Cyprus May Seek Financial Aid From Europe: Report

Cyprus is closer to seeking financial assistance from the European Union as large exposure to Greek debt left the country's banking sector more vulnerable to contagion effects, central bank governor Panicos Demetriades indicated during an interview with the Financial Times.

Cyprus Popular Bank, the country's second largest lender, faces a deadline to find at least EUR 1.8 billion for recapitalization at the end of June.
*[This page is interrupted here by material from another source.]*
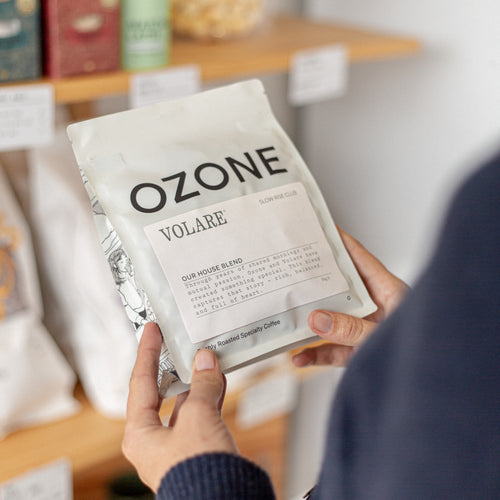 Person holding a coffee package labeled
Demetriades told the newspaper that as the deadline closes in, the recourse to the EU is becoming more probable.

"Clearly the closer you get to the deadline the less unlikely it becomes," Demetriades said. "The country is facing an important crunch time," he added.

Popular Bank's Chairman Michalis Sarris told FT, "it is hard to see where [the capitalisation] is coming from, if not Europe." He also said the "appetite to lend to Cyprus has dried up for many months now".

Cyprus had so far firmly rejected suggestions that the country may have to seek an international bailout.

In March, Moody's Investors Service cut government bond ratings of Cyprus by a notch to 'Ba1' with a 'negative outlook', citing the possibility of the government providing support to banks due to their exposure to Greek debt.

Cyprus' economy remained in recession in the first quarter of 2012, with gross domestic product falling 0.3 percent sequentially, marking the third consecutive decline in GDP figures.